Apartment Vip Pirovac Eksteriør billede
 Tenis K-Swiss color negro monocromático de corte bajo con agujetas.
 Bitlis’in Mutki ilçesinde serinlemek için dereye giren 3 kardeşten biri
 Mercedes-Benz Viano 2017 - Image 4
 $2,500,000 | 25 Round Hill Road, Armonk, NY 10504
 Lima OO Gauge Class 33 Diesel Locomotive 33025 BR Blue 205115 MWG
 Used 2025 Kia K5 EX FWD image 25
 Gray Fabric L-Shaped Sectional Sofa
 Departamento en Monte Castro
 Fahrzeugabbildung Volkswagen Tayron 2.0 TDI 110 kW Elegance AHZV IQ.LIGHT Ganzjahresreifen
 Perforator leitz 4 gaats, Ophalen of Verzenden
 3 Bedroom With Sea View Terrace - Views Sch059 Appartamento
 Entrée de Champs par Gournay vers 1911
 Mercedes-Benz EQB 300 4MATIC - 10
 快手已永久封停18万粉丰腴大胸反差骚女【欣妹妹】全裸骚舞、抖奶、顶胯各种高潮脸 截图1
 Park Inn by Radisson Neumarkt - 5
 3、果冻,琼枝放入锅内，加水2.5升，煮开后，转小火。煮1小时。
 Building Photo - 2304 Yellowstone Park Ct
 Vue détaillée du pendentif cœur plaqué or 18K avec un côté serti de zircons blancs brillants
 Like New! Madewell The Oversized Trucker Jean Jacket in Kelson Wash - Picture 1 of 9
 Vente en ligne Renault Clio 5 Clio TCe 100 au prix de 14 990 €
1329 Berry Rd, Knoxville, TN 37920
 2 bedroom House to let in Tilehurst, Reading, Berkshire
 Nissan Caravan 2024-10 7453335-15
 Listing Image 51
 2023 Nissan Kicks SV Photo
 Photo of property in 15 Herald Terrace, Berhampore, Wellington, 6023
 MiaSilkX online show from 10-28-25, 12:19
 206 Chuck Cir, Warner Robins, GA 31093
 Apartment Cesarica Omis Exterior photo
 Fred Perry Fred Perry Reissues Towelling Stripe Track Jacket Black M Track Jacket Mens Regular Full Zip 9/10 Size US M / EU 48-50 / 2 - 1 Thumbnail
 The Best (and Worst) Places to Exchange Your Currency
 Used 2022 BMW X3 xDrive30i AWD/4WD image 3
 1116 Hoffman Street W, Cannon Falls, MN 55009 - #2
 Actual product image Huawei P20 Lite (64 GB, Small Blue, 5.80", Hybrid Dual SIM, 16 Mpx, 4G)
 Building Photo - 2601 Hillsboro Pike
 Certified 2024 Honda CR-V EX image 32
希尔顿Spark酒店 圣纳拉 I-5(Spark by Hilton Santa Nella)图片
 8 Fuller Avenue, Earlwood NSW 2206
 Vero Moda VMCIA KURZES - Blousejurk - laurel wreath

════════════════════

■ ABOUT THIS EXERCISE ■
The output consists solely of the lines from the line that contains "Used 2022 BMW X3 xDrive30i AWD/4WD image 3" through the final line of the data.

■ RESPONSE FOR THIS EXERCISE ■
 Used 2022 BMW X3 xDrive30i AWD/4WD image 3
 1116 Hoffman Street W, Cannon Falls, MN 55009 - #2
 Actual product image Huawei P20 Lite (64 GB, Small Blue, 5.80", Hybrid Dual SIM, 16 Mpx, 4G)
 Building Photo - 2601 Hillsboro Pike
 Certified 2024 Honda CR-V EX image 32
希尔顿Spark酒店 圣纳拉 I-5(Spark by Hilton Santa Nella)图片
 8 Fuller Avenue, Earlwood NSW 2206
 Vero Moda VMCIA KURZES - Blousejurk - laurel wreath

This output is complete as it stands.